Google text normalization challenge with LSTM encoder/decoder

tl;dr: This project takes on text normalization with an LSTM encoder/decoder.

Github repo
Jupyter notebook for the data preprocessing, model training, and model prediction code.
If you want to load my encoder-decoder model, download the hdf5 file and run the following lines of code to play around with my trained model:
import load_model from keras.models
model = load_model(‘saved_model.hdf5’)
If you want to see my predicted results on the 100,000 tokens in the test set, take a look at the “test_predictions” file. Both the model and test predictions are in my Github repo.

Overview#

Text normalization is the process of transforming text into a single canonical form that it might not have had before. In class, we’ve used text normalization for storing and searching information in a canonical form; ie, in the question answering assignment we converted each token to lowercase, removed punctuation, and stemmed to improve the semantic meanings stored in our word frequency vectors. Here, I extend this approach to address text-to-speech (TTS) normalization- numbers, dates, acronyms, and abbreviations are non-standard “words” in text that need to be pronounced differently in speech depending on context. For example, “123” could be pronounced “one two three” if you’re counting, and “one hundred twenty-three” or even “one twenty-three” if you’re referring to the number 123 or reading off an address.
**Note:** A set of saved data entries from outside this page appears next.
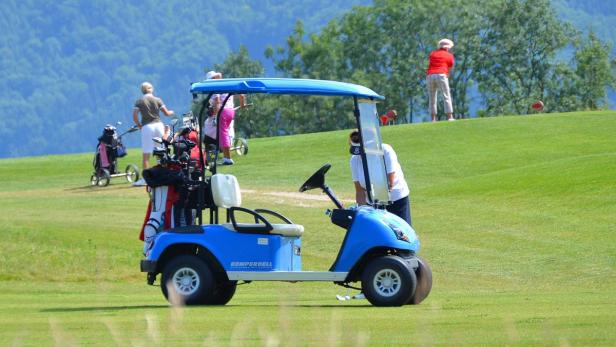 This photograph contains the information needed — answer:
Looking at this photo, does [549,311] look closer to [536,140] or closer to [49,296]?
[49,296]

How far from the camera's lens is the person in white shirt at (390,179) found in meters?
17.2

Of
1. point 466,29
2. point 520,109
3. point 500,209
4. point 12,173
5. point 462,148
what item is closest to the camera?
point 500,209

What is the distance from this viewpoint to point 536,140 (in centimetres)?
3791

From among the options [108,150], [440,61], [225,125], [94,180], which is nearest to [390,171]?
[225,125]

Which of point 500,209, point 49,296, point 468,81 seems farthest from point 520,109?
point 49,296

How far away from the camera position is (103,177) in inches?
1309

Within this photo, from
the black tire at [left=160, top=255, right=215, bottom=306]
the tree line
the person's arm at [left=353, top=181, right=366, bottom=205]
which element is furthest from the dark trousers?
the tree line

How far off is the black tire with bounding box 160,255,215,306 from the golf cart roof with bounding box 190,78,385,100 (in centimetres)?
178

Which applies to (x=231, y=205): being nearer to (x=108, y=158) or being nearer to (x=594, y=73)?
(x=108, y=158)

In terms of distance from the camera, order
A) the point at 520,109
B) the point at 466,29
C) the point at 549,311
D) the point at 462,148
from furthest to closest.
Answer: the point at 466,29, the point at 520,109, the point at 462,148, the point at 549,311

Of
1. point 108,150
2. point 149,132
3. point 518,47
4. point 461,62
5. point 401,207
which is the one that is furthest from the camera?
point 461,62

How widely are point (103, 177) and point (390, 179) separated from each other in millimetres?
16154

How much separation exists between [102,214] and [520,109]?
7834 centimetres

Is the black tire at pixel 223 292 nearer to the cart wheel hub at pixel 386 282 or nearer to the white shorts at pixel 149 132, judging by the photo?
the cart wheel hub at pixel 386 282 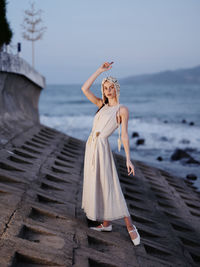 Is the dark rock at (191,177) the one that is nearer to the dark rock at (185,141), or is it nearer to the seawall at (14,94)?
the seawall at (14,94)

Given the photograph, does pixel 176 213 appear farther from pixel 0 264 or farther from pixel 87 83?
pixel 0 264

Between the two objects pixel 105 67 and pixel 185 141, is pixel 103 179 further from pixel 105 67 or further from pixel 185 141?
pixel 185 141

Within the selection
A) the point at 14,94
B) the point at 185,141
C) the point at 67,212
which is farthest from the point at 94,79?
the point at 185,141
My project is based on the Google Text Normalization Challenge on Kaggle. Given a large corpus of written text aligned to its normalized spoken form, I will train an RNN to learn the correct normalization function.

Data#

The Kaggle dataset is a dataset of general text where the normalizations were generated using an existing text normalization component of a TTS system. Lines with "" in two columns are the end of sentence marker. Otherwise, there are three columns, the first of which is the “semiotic class” (Taylor 2009), the second is the input token, and the third is the normalized output. All text is from Wikipedia. All data were extracted on 2016/04/08, and run through the Google Kestrel TTS text normalization system. The full dataset has 1 million training examples, but I am going to train my model on 500,000 training tokens (half of the full dataset) due to time and resource constraints. I will test my model on a subset of 100,000 test tokens.

Linguistic intuition#

LSTMs share clear parallels with high-level human language processing. Humans process and comprehend sentences within the structure of semantic and syntactical contexts. As you read this essay, you understand each word based on your understanding of previous words; you don’t throw everything away and start thinking from scratch again. Your thoughts have persistence.
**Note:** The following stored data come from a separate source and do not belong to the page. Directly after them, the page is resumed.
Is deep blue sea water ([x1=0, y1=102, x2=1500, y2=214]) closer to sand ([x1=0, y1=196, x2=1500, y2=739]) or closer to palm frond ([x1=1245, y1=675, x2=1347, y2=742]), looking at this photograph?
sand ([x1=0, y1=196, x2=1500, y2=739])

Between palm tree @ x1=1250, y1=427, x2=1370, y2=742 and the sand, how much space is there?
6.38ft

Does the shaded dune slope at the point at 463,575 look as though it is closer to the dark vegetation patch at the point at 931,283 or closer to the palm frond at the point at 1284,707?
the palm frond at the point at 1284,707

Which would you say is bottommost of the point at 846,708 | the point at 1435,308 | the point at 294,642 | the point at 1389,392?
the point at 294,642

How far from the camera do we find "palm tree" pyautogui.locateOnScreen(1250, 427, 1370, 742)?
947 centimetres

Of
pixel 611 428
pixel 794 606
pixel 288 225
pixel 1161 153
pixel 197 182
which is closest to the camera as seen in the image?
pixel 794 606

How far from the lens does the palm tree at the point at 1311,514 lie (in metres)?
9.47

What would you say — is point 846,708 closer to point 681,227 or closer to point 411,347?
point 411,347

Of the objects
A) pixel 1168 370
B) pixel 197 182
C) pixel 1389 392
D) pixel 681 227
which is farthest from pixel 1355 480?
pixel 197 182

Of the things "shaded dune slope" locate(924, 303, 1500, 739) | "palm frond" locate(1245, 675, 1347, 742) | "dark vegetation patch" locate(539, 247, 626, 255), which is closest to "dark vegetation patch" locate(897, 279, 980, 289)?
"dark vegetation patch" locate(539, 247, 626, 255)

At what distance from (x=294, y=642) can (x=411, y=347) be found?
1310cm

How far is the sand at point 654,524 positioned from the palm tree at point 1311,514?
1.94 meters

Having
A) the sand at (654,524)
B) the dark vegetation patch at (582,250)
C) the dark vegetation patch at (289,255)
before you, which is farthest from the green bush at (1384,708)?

Traditional neural networks can’t do this, and it seems like a major shortcoming. For example, imagine you want to classify what word will come next in a sentence. It’s unclear how a traditional neural network could use its reasoning about previous words in the sentence to inform later ones.

Recurrent neural networks (RNNs) address this issue. RNNs are networks with chain-like loops in them, which allows information to persist. This chain-like nature reveals that recurrent neural networks are intimately related to sequences and lists—they’re the natural architecture of neural network to use for such data. One of the appeals of RNNs is that they are able to connect previous (and future, for bidirectional RNNs) context information to the present task. If RNNs could do this, they’d be extremely useful. But can they? It depends.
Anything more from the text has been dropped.